## Problem statement:
From the entries that follow, copy exactly the lines beginning at the line holding "Brown plant hopper Leaf folder Stem borer" and continuing through the line holding "KRISHI MITRA - 2017".

Data to process Start Marker

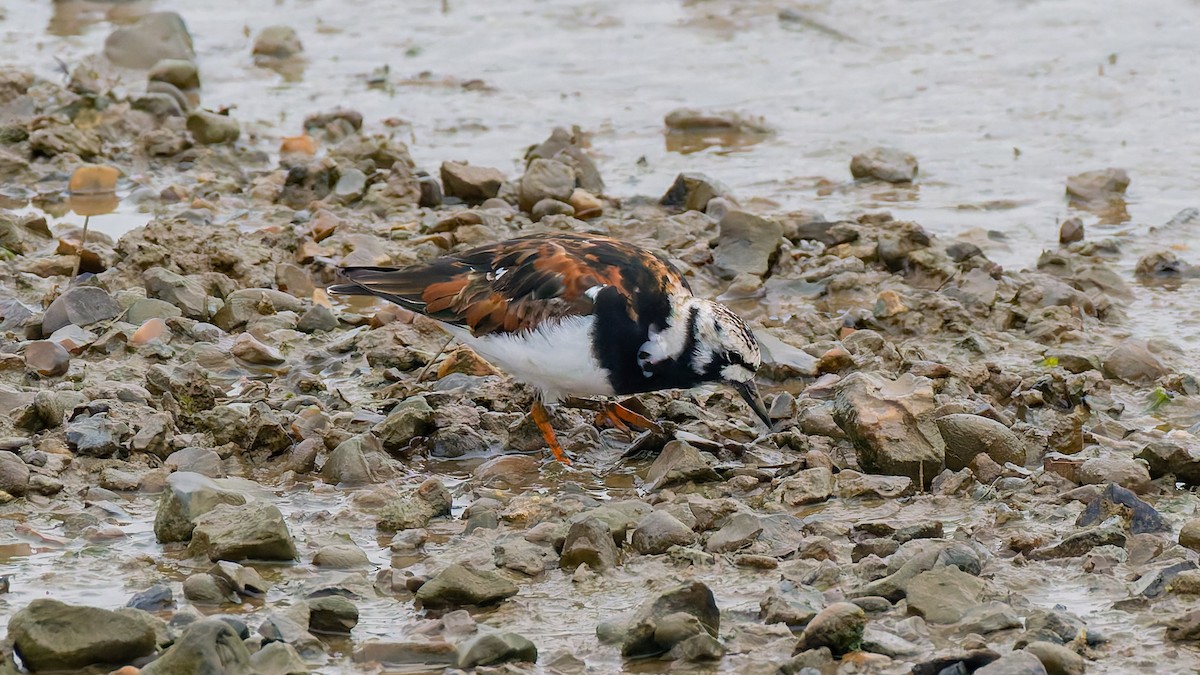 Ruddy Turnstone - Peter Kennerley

Data to process End Marker
Data to process Start Marker

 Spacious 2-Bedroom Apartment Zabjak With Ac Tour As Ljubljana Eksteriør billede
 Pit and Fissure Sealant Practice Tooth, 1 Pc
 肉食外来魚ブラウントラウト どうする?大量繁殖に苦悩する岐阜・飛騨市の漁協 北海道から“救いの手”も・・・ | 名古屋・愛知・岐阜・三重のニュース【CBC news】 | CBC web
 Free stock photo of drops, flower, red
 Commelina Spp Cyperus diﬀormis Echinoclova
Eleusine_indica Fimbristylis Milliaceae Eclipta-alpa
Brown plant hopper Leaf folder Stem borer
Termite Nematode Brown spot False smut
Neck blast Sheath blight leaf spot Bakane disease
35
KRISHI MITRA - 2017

Data to process End Marker

## Response to the exercise:
Brown plant hopper Leaf folder Stem borer
Termite Nematode Brown spot False smut
Neck blast Sheath blight leaf spot Bakane disease
35
KRISHI MITRA - 2017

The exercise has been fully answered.